→ Data to examine:

◆ ◆ ◆ ◆ ◆

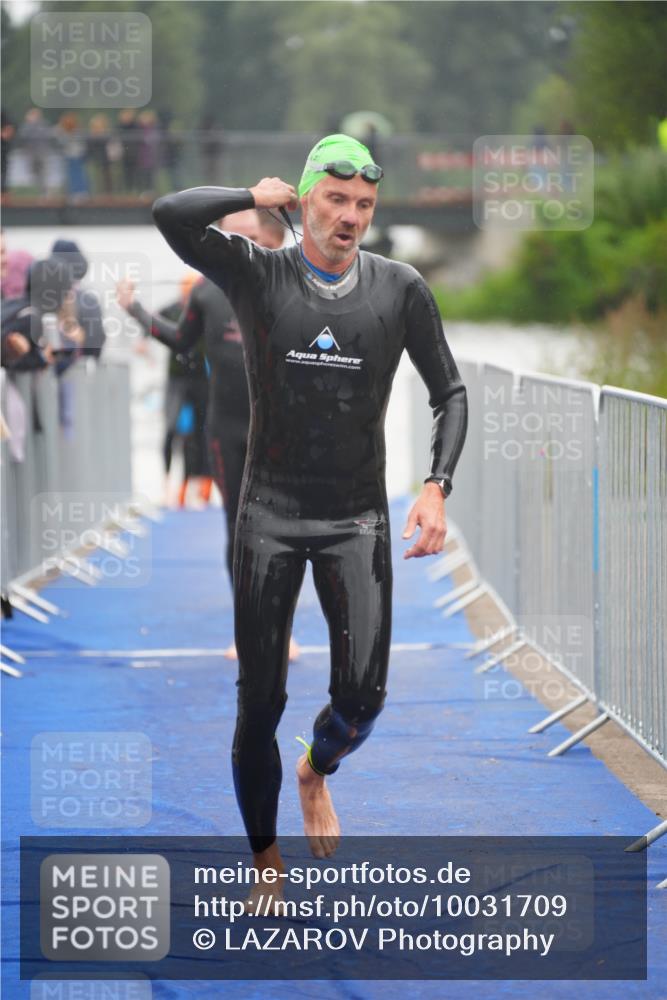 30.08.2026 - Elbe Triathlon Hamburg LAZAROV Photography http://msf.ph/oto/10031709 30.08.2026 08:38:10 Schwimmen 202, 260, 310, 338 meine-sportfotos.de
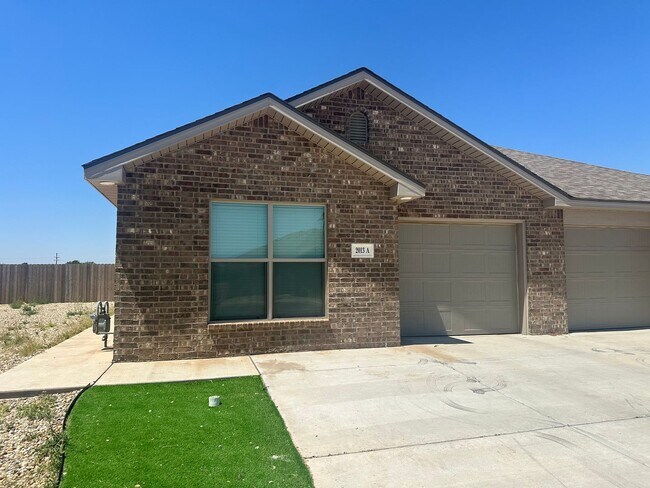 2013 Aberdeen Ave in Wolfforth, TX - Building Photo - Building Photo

◆ ◆ ◆ ◆ ◆

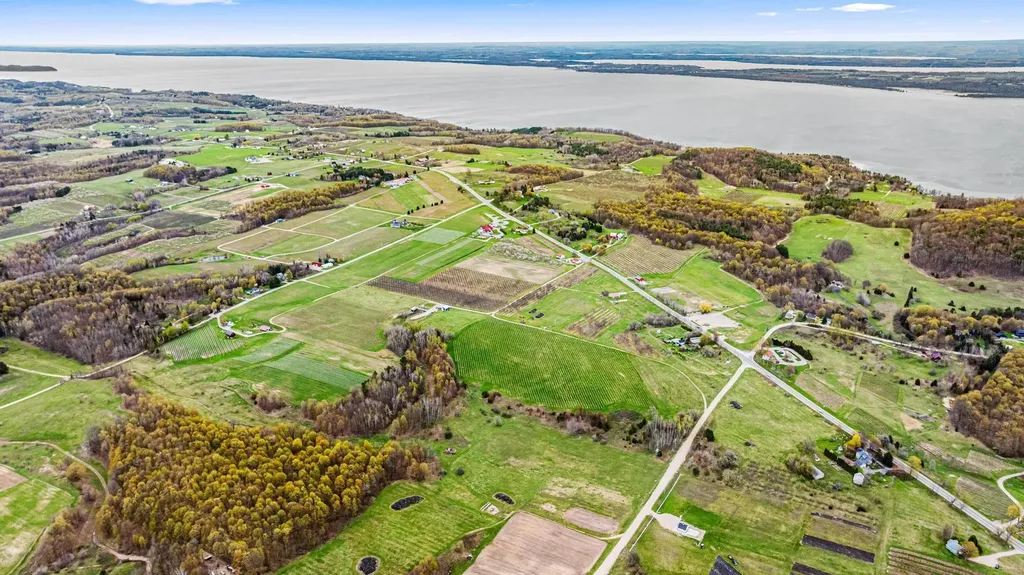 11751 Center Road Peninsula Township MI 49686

◆ ◆ ◆ ◆ ◆

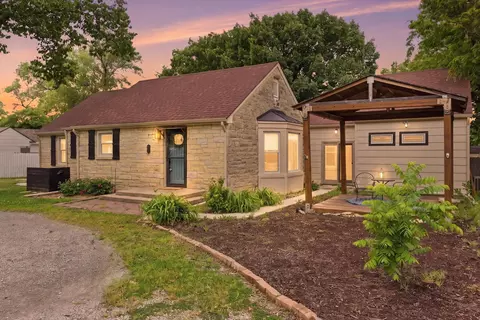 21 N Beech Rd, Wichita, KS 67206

◆ ◆ ◆ ◆ ◆

→ Exercise aim:
Beginning with the line holding "30.08.2026 - Elbe" in the material above, restate word for word each line through the line holding "2013 Aberdeen Ave", and exclude pictures.

→ Your solution:
 30.08.2026 - Elbe Triathlon Hamburg LAZAROV Photography http://msf.ph/oto/10031709 30.08.2026 08:38:10 Schwimmen 202, 260, 310, 338 meine-sportfotos.de
 2013 Aberdeen Ave in Wolfforth, TX - Building Photo - Building Photo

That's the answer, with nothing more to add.